%%

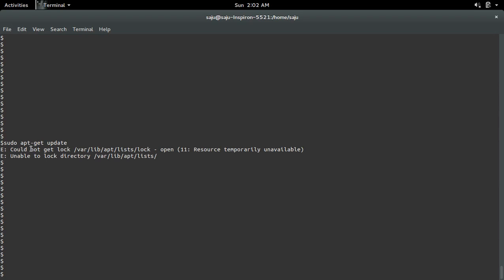This video demonstrates how to fix the error 'could not get log'. We need to delete the file to fix this issue — specifically the /var/lib/apt/lists/ log file.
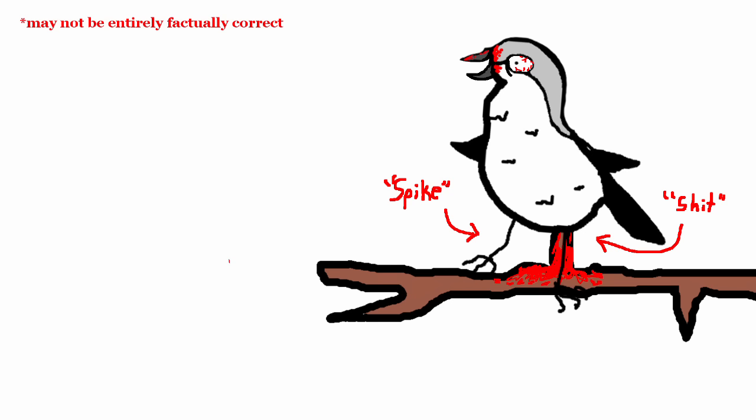Shrike turns prey into shit. And finally, Shrike uses the spike to clean the shit off its asshole. And the circle of life continues.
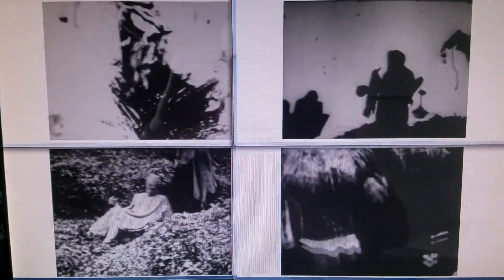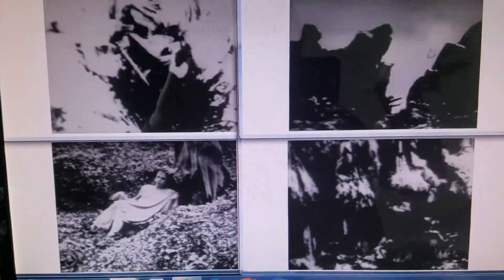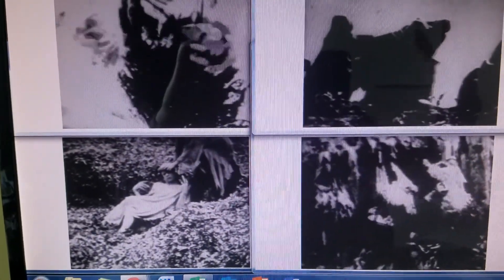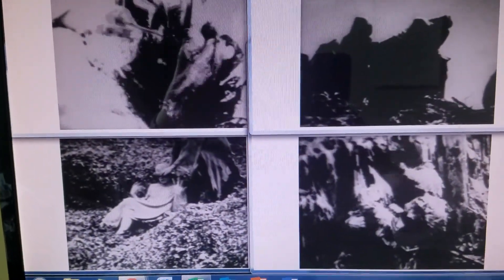Sometimes I watch a movie that's so boring but I'm curious and I want to get through it and see how it ends. So what I do is I open four windows and have the first window play the first quarter, the second window play the second quarter, third window the third quarter, and the fourth window the fourth quarter — so I can simultaneously watch all four quarters of the film at the same time.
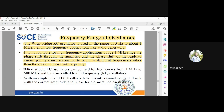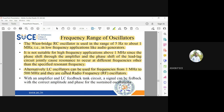For that reason, we go for LC oscillators, which operate from 1 megahertz to 500 megahertz. LC oscillators are alternatively called tuned oscillators, tuned collector oscillators, or radio frequency oscillators — all different names for LC oscillators available in the market, which work for very high frequencies above 1 megahertz up to 500 megahertz.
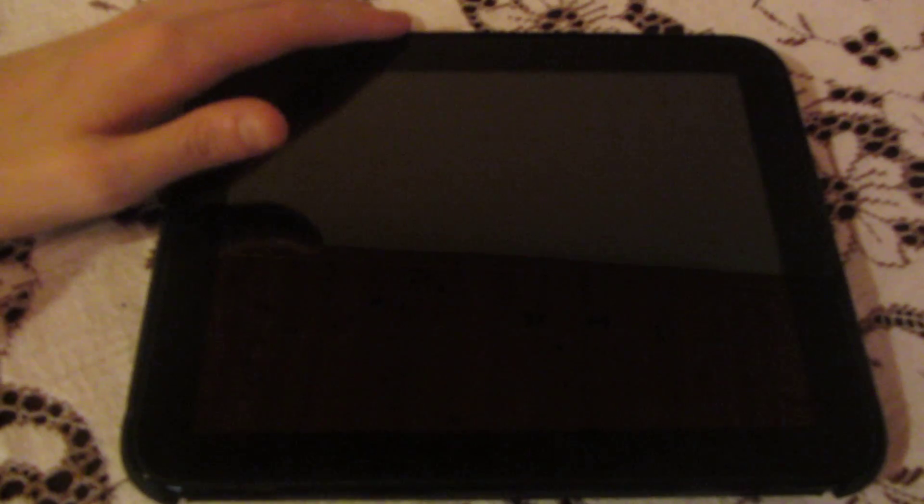Alright, so as some of you may be aware, recently Android 4.0.4 Ice Cream Sandwich started rolling out for different Android devices, and what I'm going to show you in this video is how you can flash it onto an HP TouchPad.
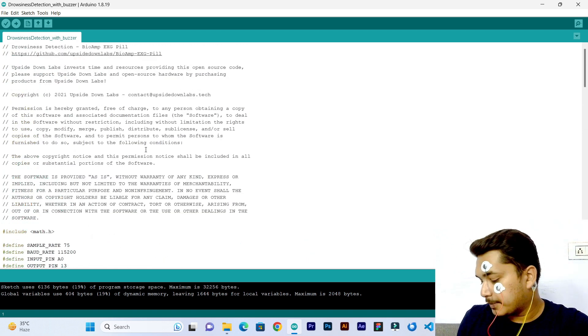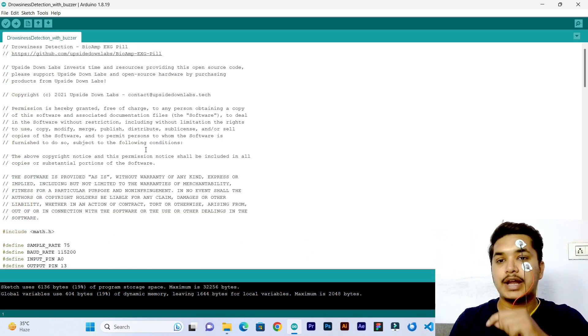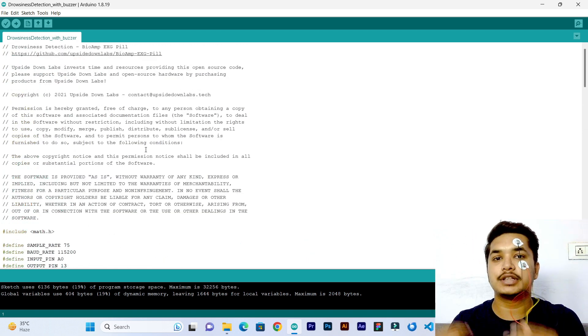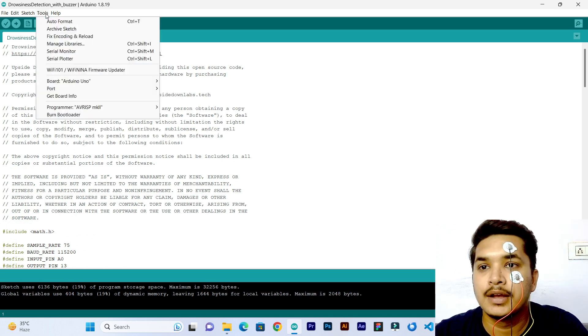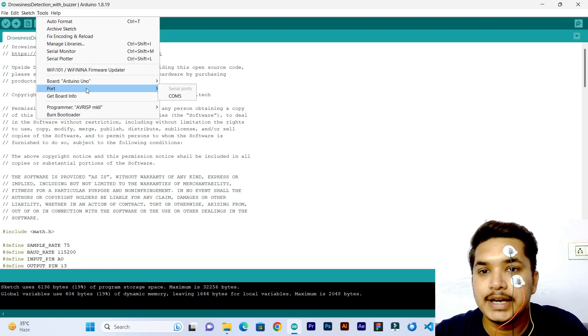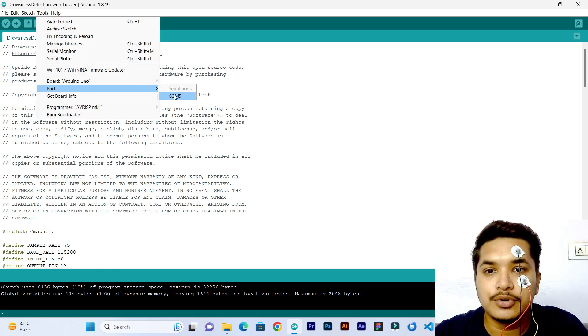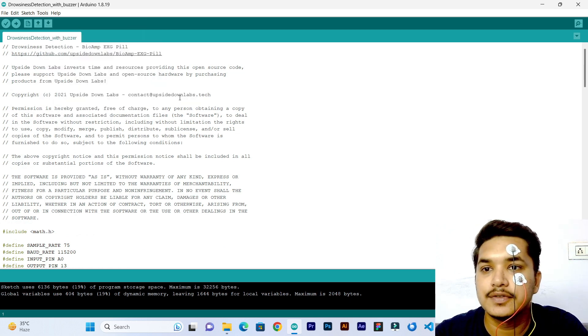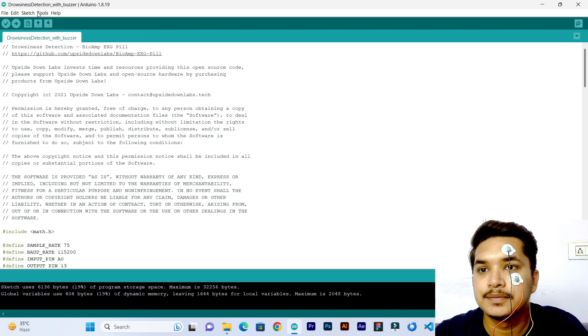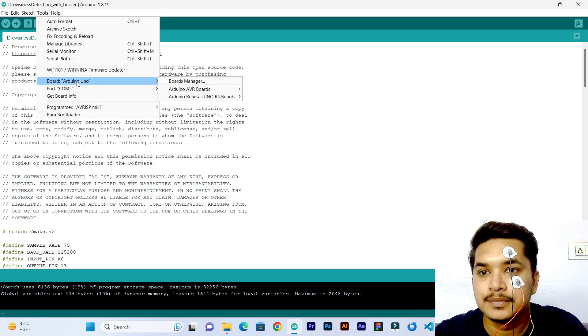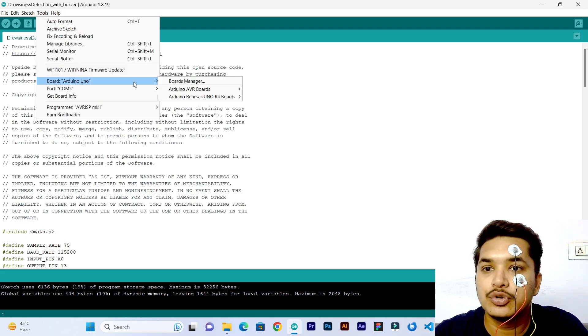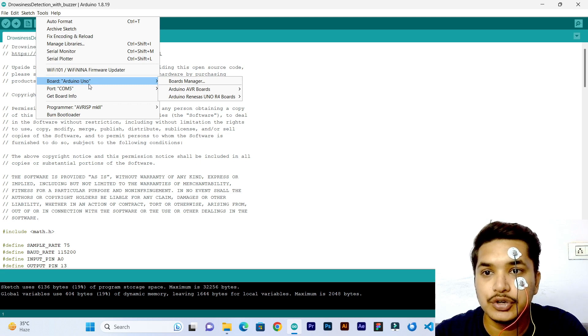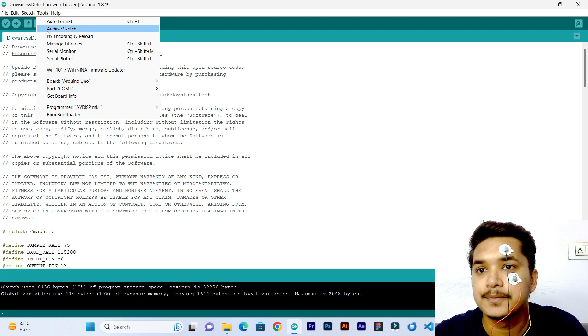Now I will connect the Makeruno to laptop using this USB cable. Let's select the com port - for us it is COM 5. As it is Arduino Uno compatible board, we will have the Arduino Uno board selected here.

%%

With all pictures excluded, output exactly the lines from the one containing "Alright, so as" through the final line of the entries, inclusive.

* Exercise result:
Alright, so as some of you may be aware, recently Android 4.0.4 Ice Cream Sandwich started rolling out for different Android devices, and what I'm going to show you in this video is how you can flash it onto an HP TouchPad.
Now I will connect the Makeruno to laptop using this USB cable. Let's select the com port - for us it is COM 5. As it is Arduino Uno compatible board, we will have the Arduino Uno board selected here.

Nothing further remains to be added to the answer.